* [What you will do]: Your task is to repeat each record verbatim, exactly as it was written.

§

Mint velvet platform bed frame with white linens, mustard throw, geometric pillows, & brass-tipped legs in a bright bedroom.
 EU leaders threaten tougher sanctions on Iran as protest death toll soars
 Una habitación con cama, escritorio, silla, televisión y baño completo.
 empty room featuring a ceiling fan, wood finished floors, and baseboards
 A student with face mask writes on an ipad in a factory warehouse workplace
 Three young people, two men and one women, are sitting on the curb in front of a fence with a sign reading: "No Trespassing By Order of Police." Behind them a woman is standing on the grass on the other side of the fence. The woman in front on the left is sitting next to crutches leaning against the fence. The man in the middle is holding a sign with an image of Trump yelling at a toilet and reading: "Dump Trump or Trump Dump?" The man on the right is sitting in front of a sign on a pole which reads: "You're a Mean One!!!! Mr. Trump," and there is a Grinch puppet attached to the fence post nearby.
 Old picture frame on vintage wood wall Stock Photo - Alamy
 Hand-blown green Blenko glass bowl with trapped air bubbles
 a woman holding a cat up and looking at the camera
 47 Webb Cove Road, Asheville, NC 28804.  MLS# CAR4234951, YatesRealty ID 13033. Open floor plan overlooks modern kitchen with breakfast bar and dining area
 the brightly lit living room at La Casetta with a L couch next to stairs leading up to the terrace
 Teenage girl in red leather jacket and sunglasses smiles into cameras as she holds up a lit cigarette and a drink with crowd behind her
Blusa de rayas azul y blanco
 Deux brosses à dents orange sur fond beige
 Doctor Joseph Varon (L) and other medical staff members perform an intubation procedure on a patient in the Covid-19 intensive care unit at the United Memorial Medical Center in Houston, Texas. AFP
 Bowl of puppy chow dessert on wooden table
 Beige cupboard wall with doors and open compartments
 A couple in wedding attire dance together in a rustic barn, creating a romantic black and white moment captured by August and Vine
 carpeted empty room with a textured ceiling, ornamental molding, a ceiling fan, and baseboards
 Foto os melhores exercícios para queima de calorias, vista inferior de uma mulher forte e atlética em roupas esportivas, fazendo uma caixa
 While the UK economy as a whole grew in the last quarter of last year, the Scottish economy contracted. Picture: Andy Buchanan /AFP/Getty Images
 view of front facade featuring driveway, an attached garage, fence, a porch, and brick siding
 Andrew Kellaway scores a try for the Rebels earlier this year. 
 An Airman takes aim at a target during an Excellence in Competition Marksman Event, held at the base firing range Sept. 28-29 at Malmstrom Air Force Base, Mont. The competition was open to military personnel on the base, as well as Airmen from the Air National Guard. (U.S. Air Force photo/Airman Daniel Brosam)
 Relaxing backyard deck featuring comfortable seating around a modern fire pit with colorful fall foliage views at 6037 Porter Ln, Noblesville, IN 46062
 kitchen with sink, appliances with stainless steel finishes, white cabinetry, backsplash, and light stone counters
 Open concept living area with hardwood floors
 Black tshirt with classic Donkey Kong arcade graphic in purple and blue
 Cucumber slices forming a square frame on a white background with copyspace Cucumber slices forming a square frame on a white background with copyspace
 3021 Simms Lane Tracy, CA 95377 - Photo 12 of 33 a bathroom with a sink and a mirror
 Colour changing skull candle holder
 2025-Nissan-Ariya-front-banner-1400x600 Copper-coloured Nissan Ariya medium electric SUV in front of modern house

§

* [Your solution]:
Mint velvet platform bed frame with white linens, mustard throw, geometric pillows, & brass-tipped legs in a bright bedroom.
 EU leaders threaten tougher sanctions on Iran as protest death toll soars
 Una habitación con cama, escritorio, silla, televisión y baño completo.
 empty room featuring a ceiling fan, wood finished floors, and baseboards
 A student with face mask writes on an ipad in a factory warehouse workplace
 Three young people, two men and one women, are sitting on the curb in front of a fence with a sign reading: "No Trespassing By Order of Police." Behind them a woman is standing on the grass on the other side of the fence. The woman in front on the left is sitting next to crutches leaning against the fence. The man in the middle is holding a sign with an image of Trump yelling at a toilet and reading: "Dump Trump or Trump Dump?" The man on the right is sitting in front of a sign on a pole which reads: "You're a Mean One!!!! Mr. Trump," and there is a Grinch puppet attached to the fence post nearby.
 Old picture frame on vintage wood wall Stock Photo - Alamy
 Hand-blown green Blenko glass bowl with trapped air bubbles
 a woman holding a cat up and looking at the camera
 47 Webb Cove Road, Asheville, NC 28804.  MLS# CAR4234951, YatesRealty ID 13033. Open floor plan overlooks modern kitchen with breakfast bar and dining area
 the brightly lit living room at La Casetta with a L couch next to stairs leading up to the terrace
 Teenage girl in red leather jacket and sunglasses smiles into cameras as she holds up a lit cigarette and a drink with crowd behind her
Blusa de rayas azul y blanco
 Deux brosses à dents orange sur fond beige
 Doctor Joseph Varon (L) and other medical staff members perform an intubation procedure on a patient in the Covid-19 intensive care unit at the United Memorial Medical Center in Houston, Texas. AFP
 Bowl of puppy chow dessert on wooden table
 Beige cupboard wall with doors and open compartments
 A couple in wedding attire dance together in a rustic barn, creating a romantic black and white moment captured by August and Vine
 carpeted empty room with a textured ceiling, ornamental molding, a ceiling fan, and baseboards
 Foto os melhores exercícios para queima de calorias, vista inferior de uma mulher forte e atlética em roupas esportivas, fazendo uma caixa
 While the UK economy as a whole grew in the last quarter of last year, the Scottish economy contracted. Picture: Andy Buchanan /AFP/Getty Images
 view of front facade featuring driveway, an attached garage, fence, a porch, and brick siding
 Andrew Kellaway scores a try for the Rebels earlier this year. 
 An Airman takes aim at a target during an Excellence in Competition Marksman Event, held at the base firing range Sept. 28-29 at Malmstrom Air Force Base, Mont. The competition was open to military personnel on the base, as well as Airmen from the Air National Guard. (U.S. Air Force photo/Airman Daniel Brosam)
 Relaxing backyard deck featuring comfortable seating around a modern fire pit with colorful fall foliage views at 6037 Porter Ln, Noblesville, IN 46062
 kitchen with sink, appliances with stainless steel finishes, white cabinetry, backsplash, and light stone counters
 Open concept living area with hardwood floors
 Black tshirt with classic Donkey Kong arcade graphic in purple and blue
 Cucumber slices forming a square frame on a white background with copyspace Cucumber slices forming a square frame on a white background with copyspace
 3021 Simms Lane Tracy, CA 95377 - Photo 12 of 33 a bathroom with a sink and a mirror
 Colour changing skull candle holder
 2025-Nissan-Ariya-front-banner-1400x600 Copper-coloured Nissan Ariya medium electric SUV in front of modern house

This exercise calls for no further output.